**TASK BRIEF:**
Excluding pictures, give the entries again exactly as they appear.

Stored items

═══

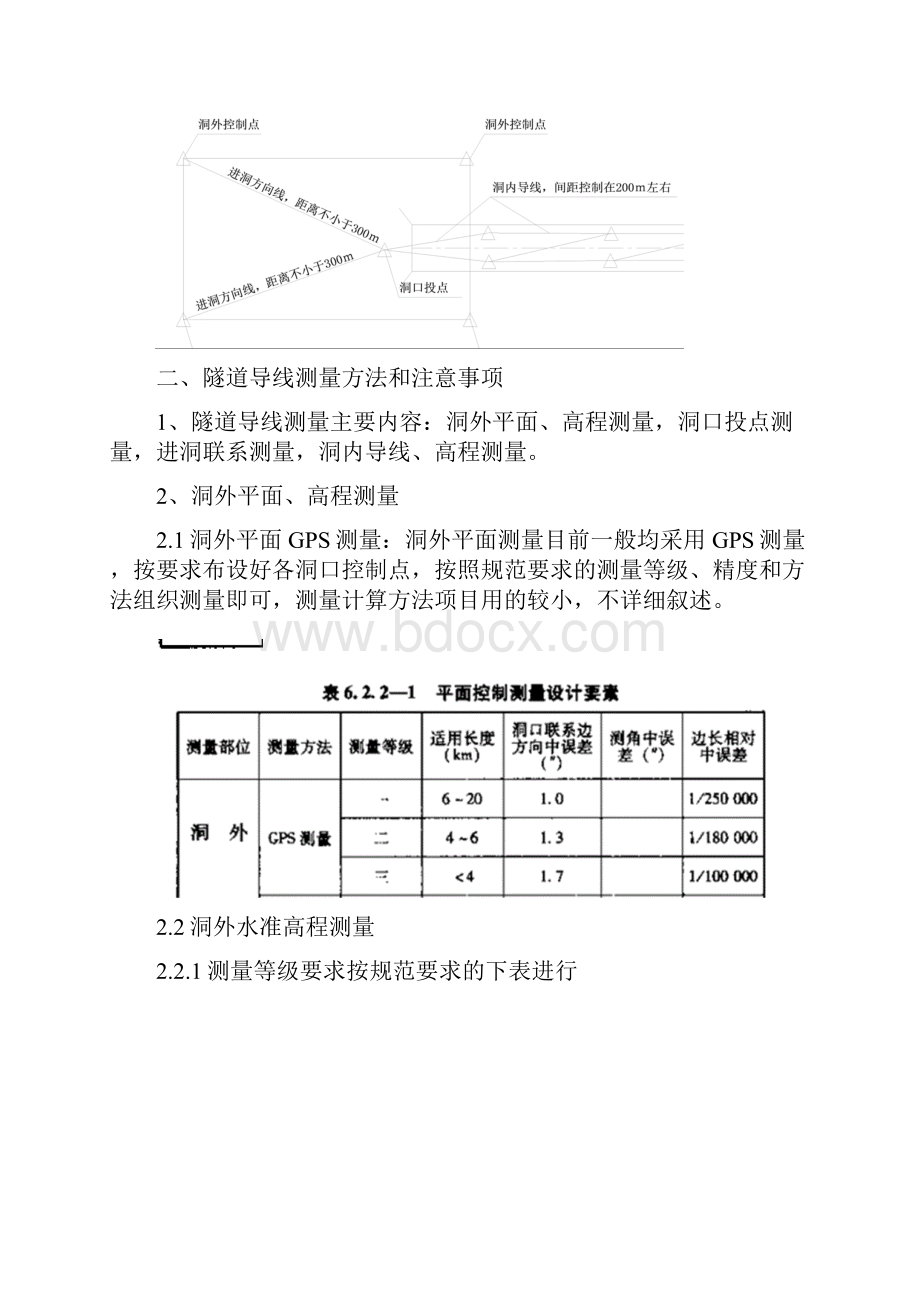 隧道洞内外导线测量方法及注意事项分解.docx_第2页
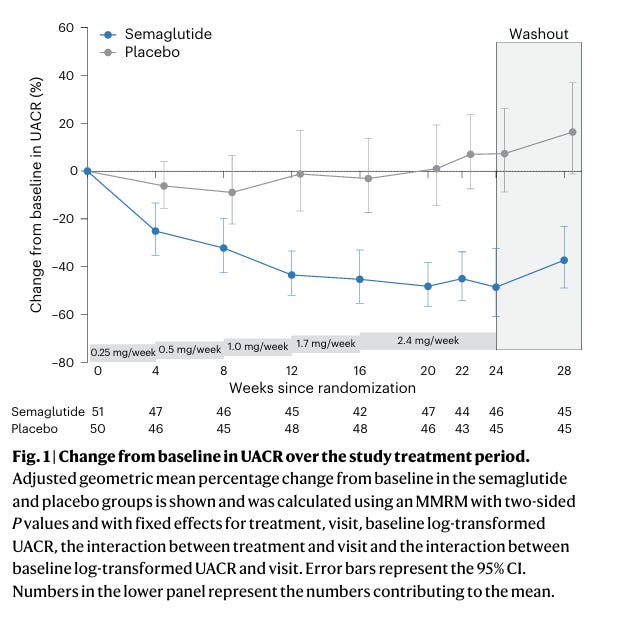 semaglutide solution for injection Compound Semaglutide
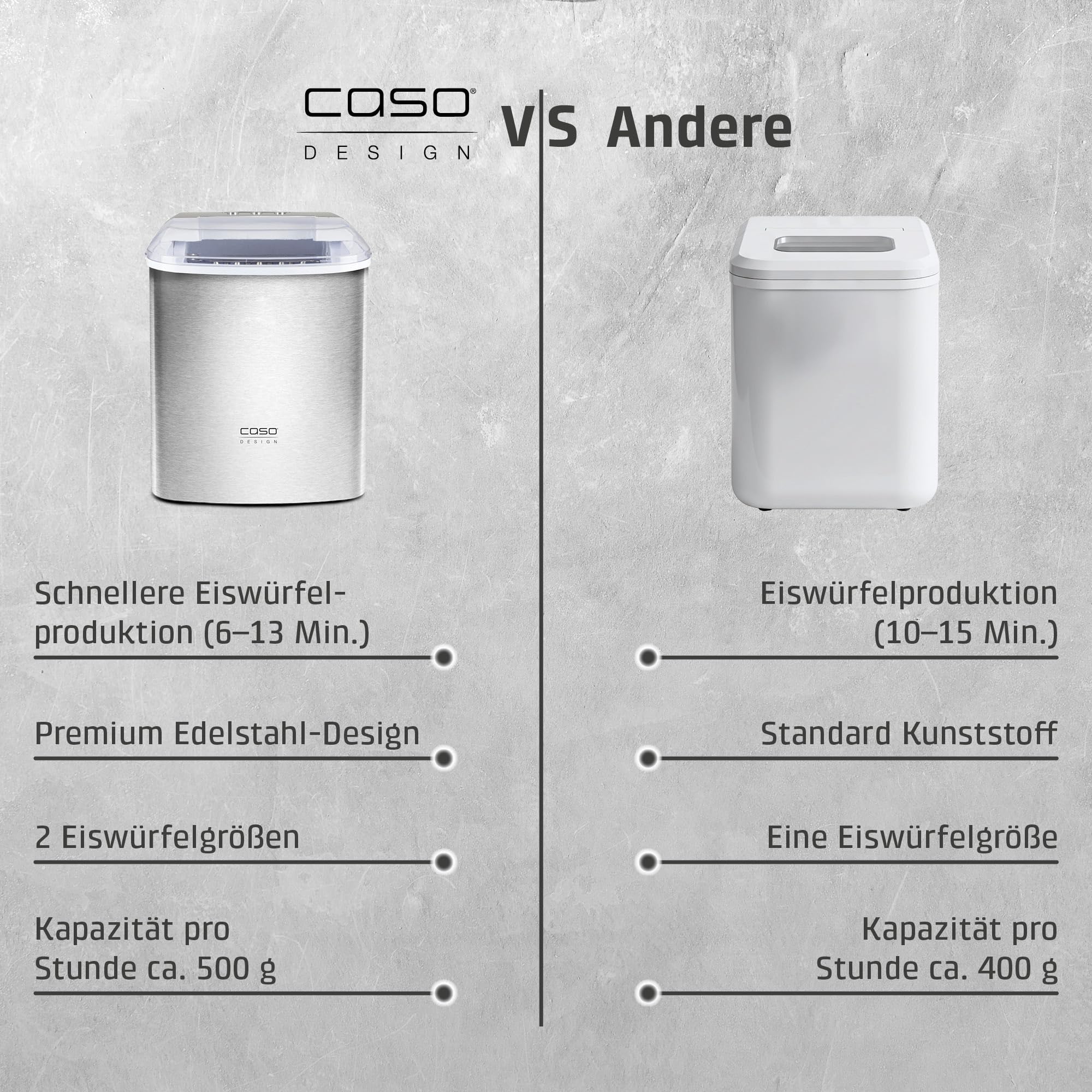 CASO IceChef Pro Eiswürfelmaschine Edelstahl 12 kg LCD
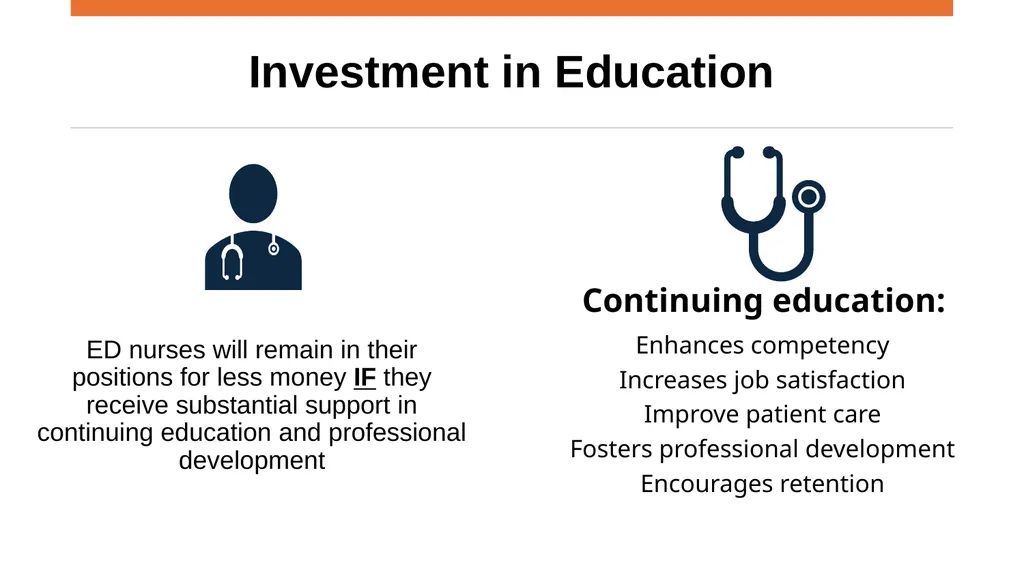 SBAR Presentation Agenda Situation [Name of - slide 9 of 42
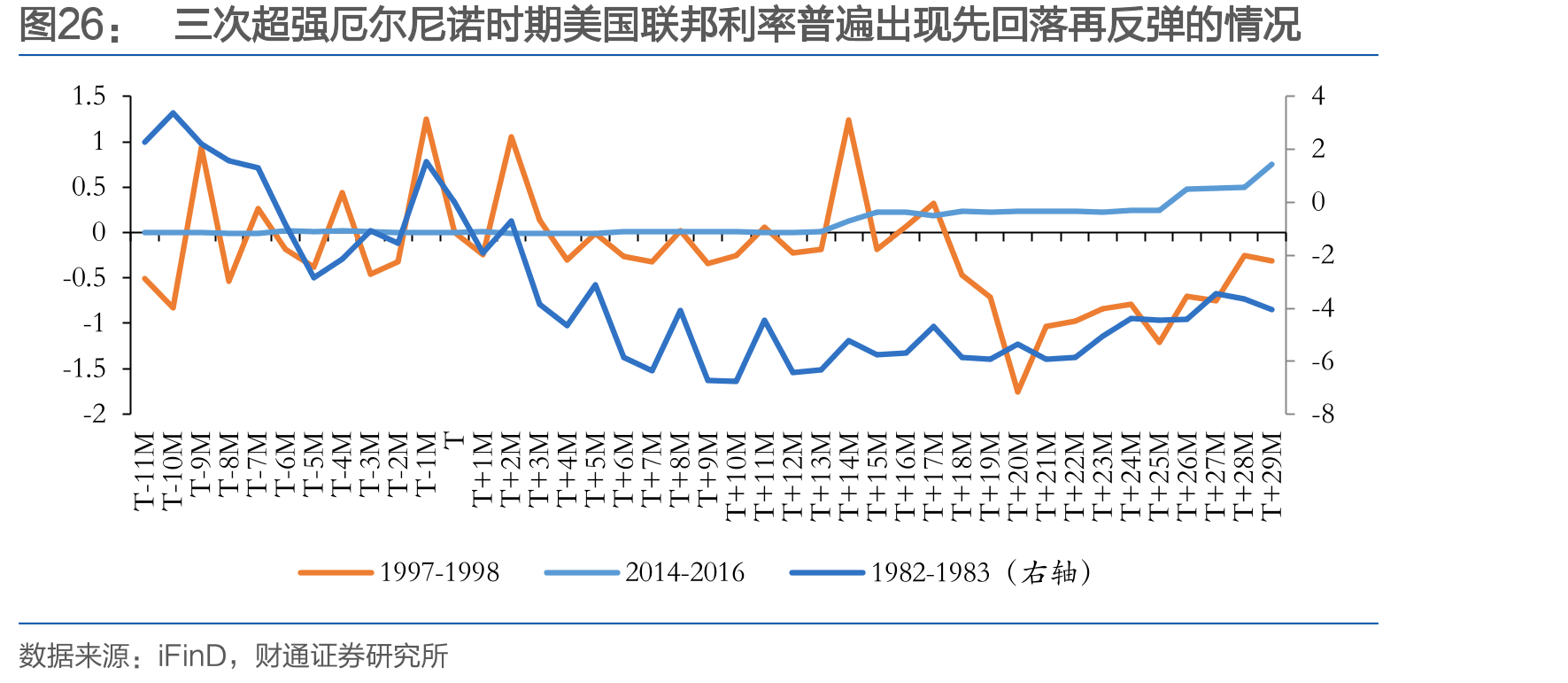 三次超强厄尔尼诺时期美国联邦利率普遍出现先回落再反弹的情况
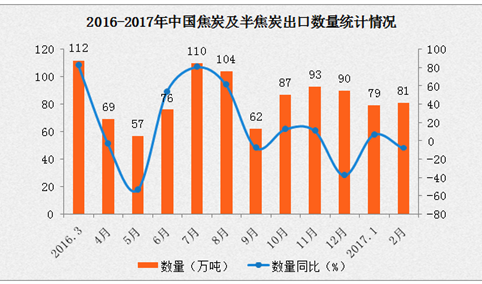2017年1-2月中国焦炭及半焦炭出口数据分析：出口额增长136%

═══

**EXERCISE ANSWER:**
 隧道洞内外导线测量方法及注意事项分解.docx_第2页
 semaglutide solution for injection Compound Semaglutide
 CASO IceChef Pro Eiswürfelmaschine Edelstahl 12 kg LCD
 SBAR Presentation Agenda Situation [Name of - slide 9 of 42
 三次超强厄尔尼诺时期美国联邦利率普遍出现先回落再反弹的情况
2017年1-2月中国焦炭及半焦炭出口数据分析：出口额增长136%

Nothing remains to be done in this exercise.